**INPUT MATERIAL:**
•••

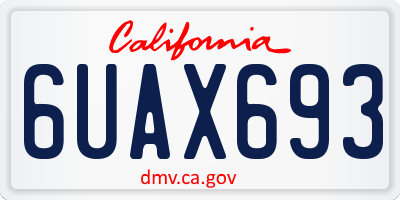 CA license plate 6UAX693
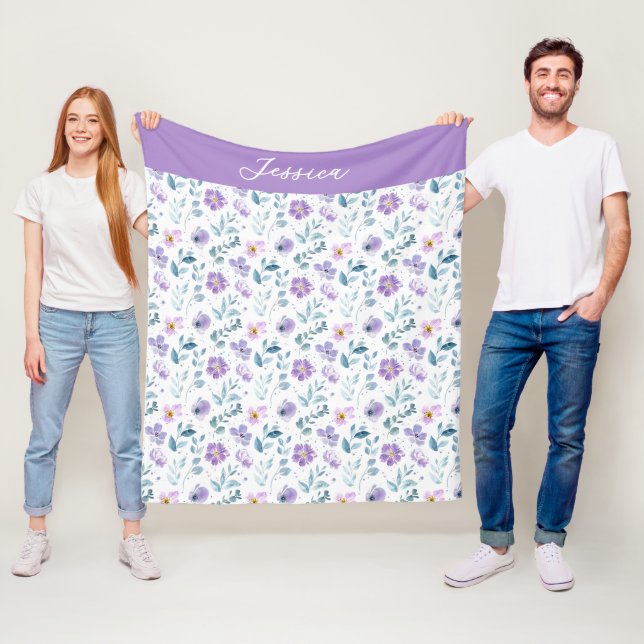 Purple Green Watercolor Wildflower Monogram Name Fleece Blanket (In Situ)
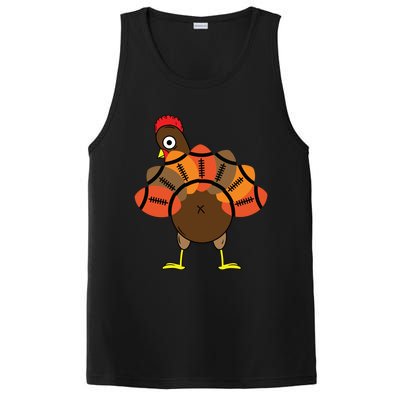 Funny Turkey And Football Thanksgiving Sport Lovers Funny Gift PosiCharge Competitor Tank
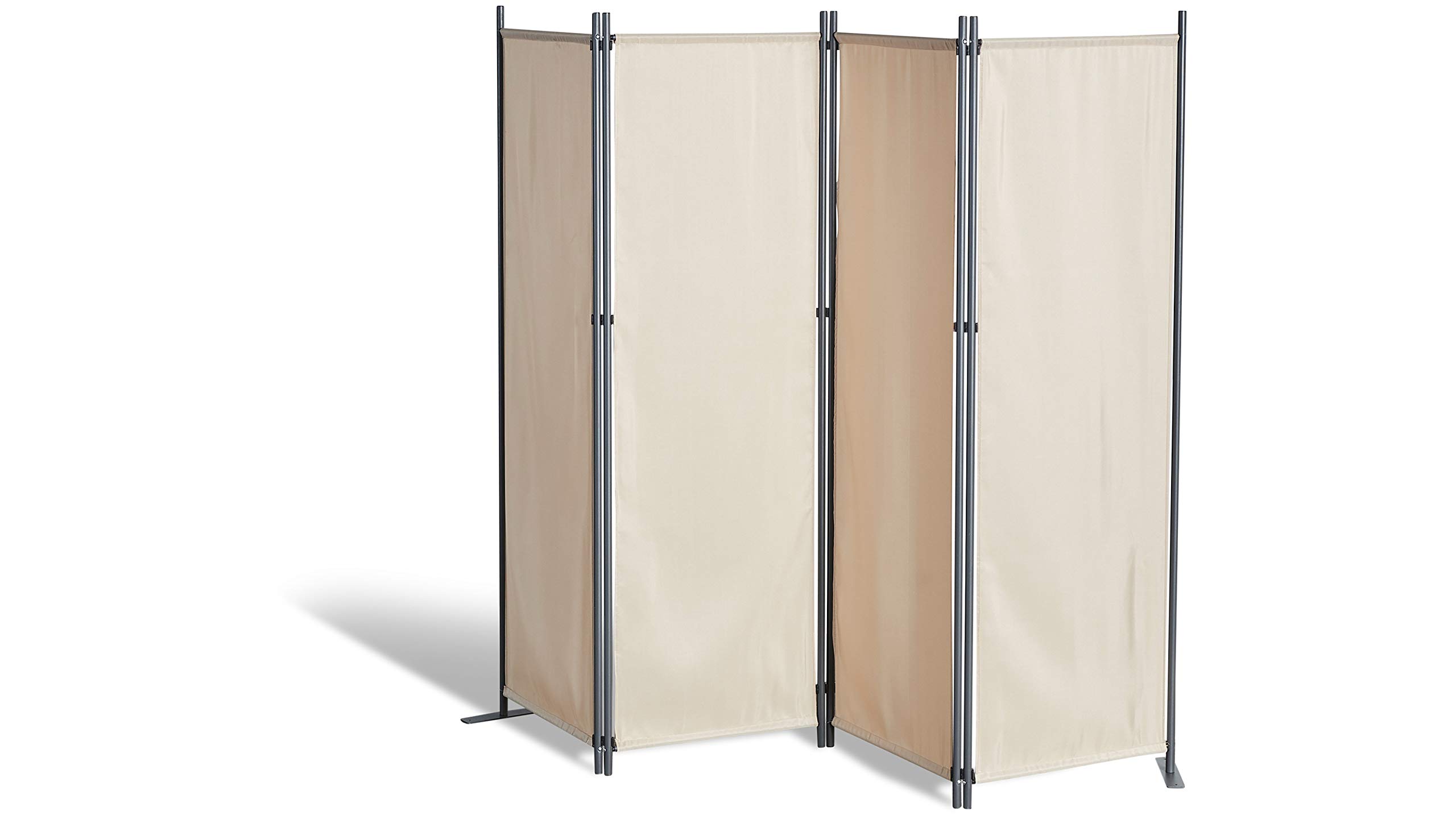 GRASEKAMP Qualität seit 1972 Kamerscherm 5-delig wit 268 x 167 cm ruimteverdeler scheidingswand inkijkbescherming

•••

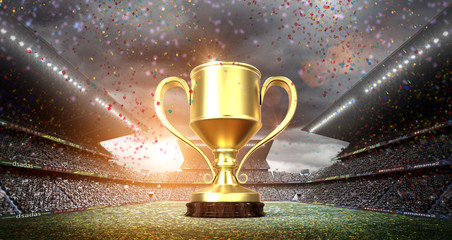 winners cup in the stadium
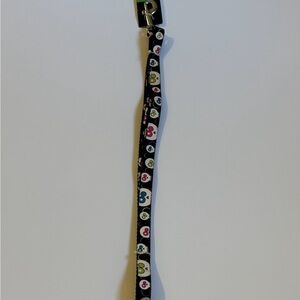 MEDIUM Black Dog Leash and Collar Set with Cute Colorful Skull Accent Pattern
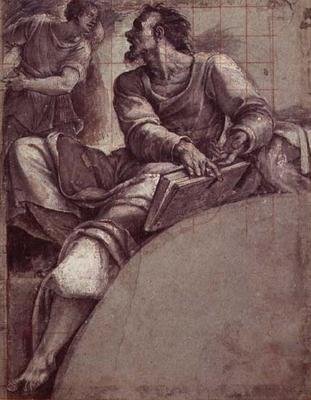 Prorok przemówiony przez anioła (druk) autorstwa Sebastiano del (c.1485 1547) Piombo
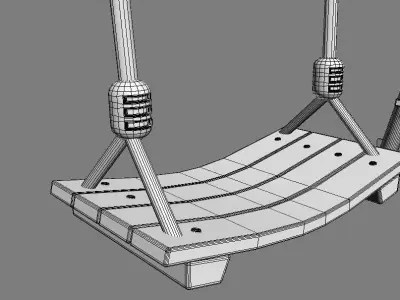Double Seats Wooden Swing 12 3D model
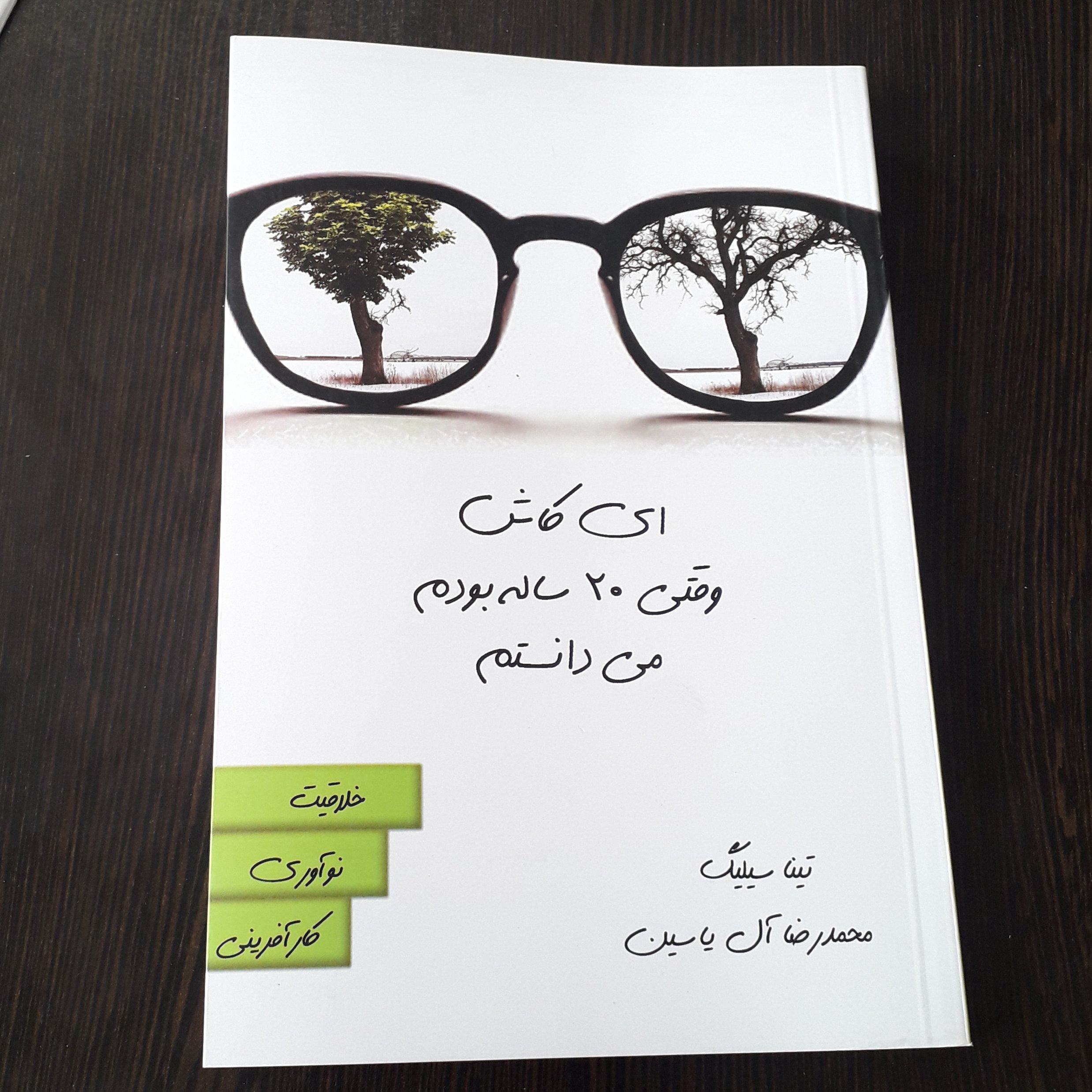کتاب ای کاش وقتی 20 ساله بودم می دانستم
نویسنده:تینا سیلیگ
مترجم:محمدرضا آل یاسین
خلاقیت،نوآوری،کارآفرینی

•••

Would you write out exactly the lines above, starting at the line containing "کتاب ای کاش وقتی 20 ساله بودم می دانستم" and stopping after the line containing "خلاقیت،نوآوری،کارآفرینی"? Omit the pictures.

**WRITTEN RESPONSE:**
کتاب ای کاش وقتی 20 ساله بودم می دانستم
نویسنده:تینا سیلیگ
مترجم:محمدرضا آل یاسین
خلاقیت،نوآوری،کارآفرینی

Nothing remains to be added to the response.